Modern followers of Leon Trotsky maintain that as predicted by Lenin, Trotsky, and others already in the 1920s, Stalin's "socialism in one country" was unable to maintain itself, and according to some Marxist critics, the USSR ceased to show the characteristics of a socialist state long before its formal dissolution.
In the 1920s the economic calculation debate between Austrian Economists and Marxist economists took place. The Austrians claimed that Marxism is flawed because prices could not be set to recognize opportunity costs of factors of production, and so socialism could not make rational decisions.
Following World War II, Marxist ideology, often with Soviet military backing, spawned a rise in revolutionary communist parties all over the world. Some of these parties were eventually able to gain power, and establish their own version of a Marxist state. Such nations included the People's Republic of China, Vietnam, Romania, East Germany, Albania, Cambodia, Ethiopia, South Yemen, Yugoslavia, Cuba, and others. In some cases, these nations did not get along. The most notable examples were rifts that occurred between the Soviet Union and China, as well as Soviet Union and Yugoslavia (in 1948), whose leaders disagreed on certain elements of Marxism and how it should be implemented into society[citation needed].
Many of these self-proclaimed Marxist nations (often styled People's Republics) eventually became authoritarian states, with stagnating economies. This caused some debate about whether Marxism was doomed in practise or these nations were in fact not led by "true Marxists". Critics of Marxism speculated that perhaps Marxist ideology itself was to blame for the nations' various problems. Followers of the currents within Marxism which opposed Stalin, principally cohered around Leon Trotsky, tended to locate the failure at the level of the failure of world revolution: for communism to have succeeded, they argue, it needed to encompass all the international trading relationships that capitalism had previously developed.
The Chinese experience seems to be unique. Rather than falling under a single family's self-serving and dynastic interpretation of Marxism as happened in North Korea and before 1989 in Eastern Europe, the Chinese government - after the end of the struggles over the Mao legacy in 1980 and the ascent of Deng Xiaoping - seems to have solved the succession crises[citation needed] that have plagued self-proclaimed Leninist governments since the death of Lenin himself. Key to this success is another Leninism which is a NEP (New Economic Policy) writ very large; Lenin's own NEP of the 1920s was the "permission" given to markets including speculation to operate by the Party which retained final control. The Russian experience in Perestroika was that markets under socialism were so opaque as to be both inefficient and corrupt but especially after China's application to join the WTO this does not seem to apply universally.

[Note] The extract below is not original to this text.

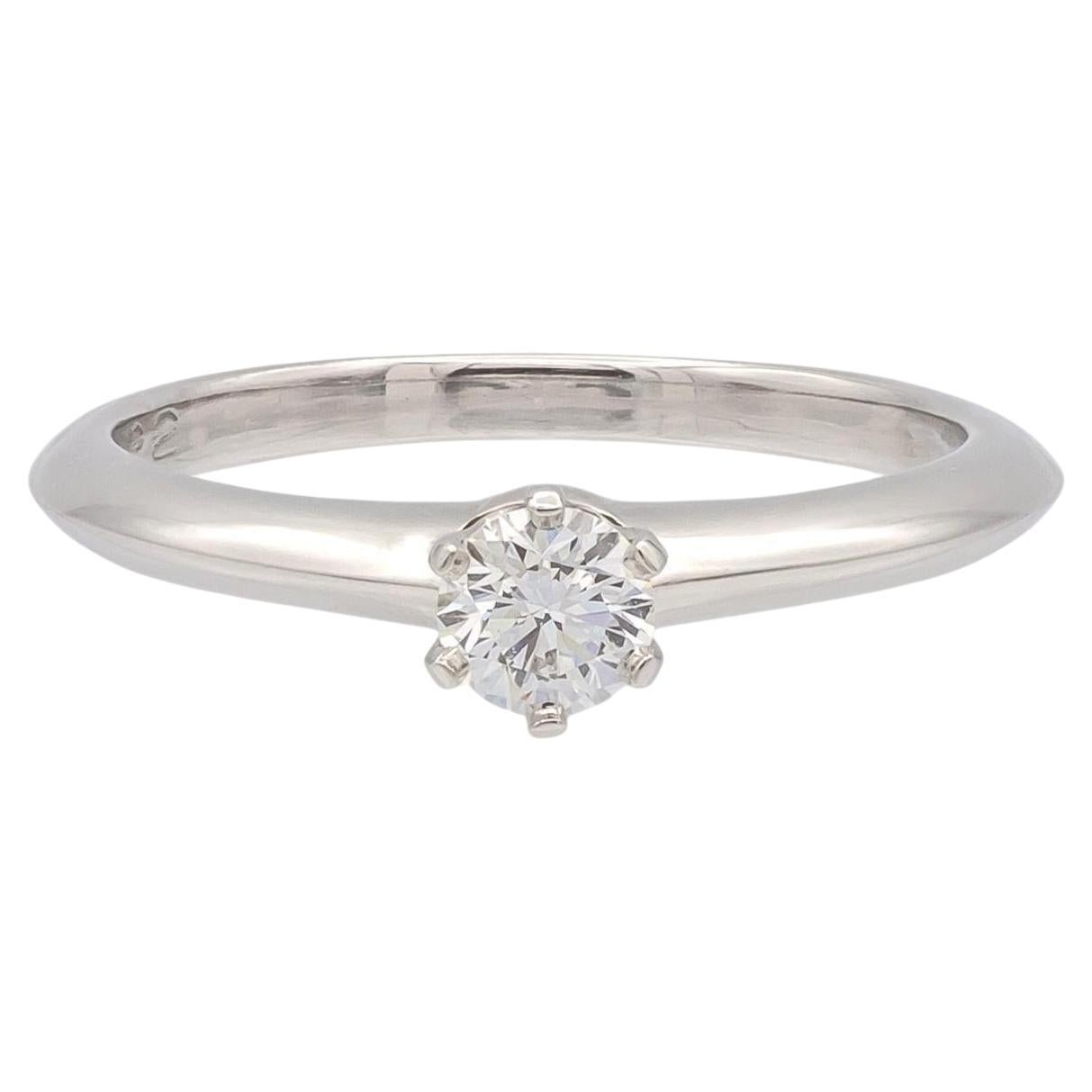 Tiffany & Co. Bague de fiançailles solitaire en platine avec diamant rond de 0,21 ct D VVS1 en vente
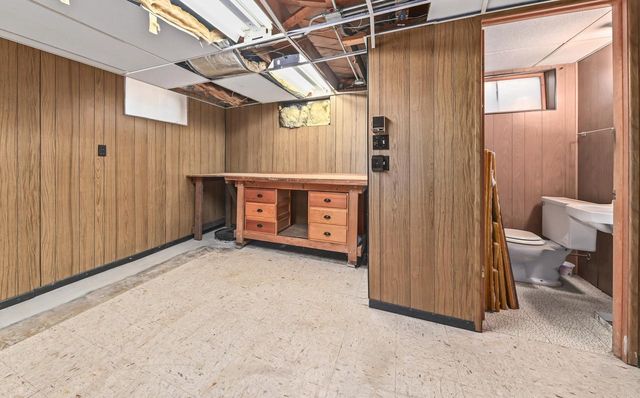 8112 W Daphne STREET, Milwaukee, WI 53223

The death of "Marxism" in China has been prematurely announced but since the Hong Kong handover in 1997, the Beijing leadership has clearly retained final say over both commercial and political affairs[citation needed]. Questions remain however as to whether the Chinese Party has opened its markets to such a degree as to be no longer classified as a true Marxist party.[citation needed] A sort of tacit consent, and a desire in China's case to escape the chaos of pre-1949 memory, probably plays a role[citation needed].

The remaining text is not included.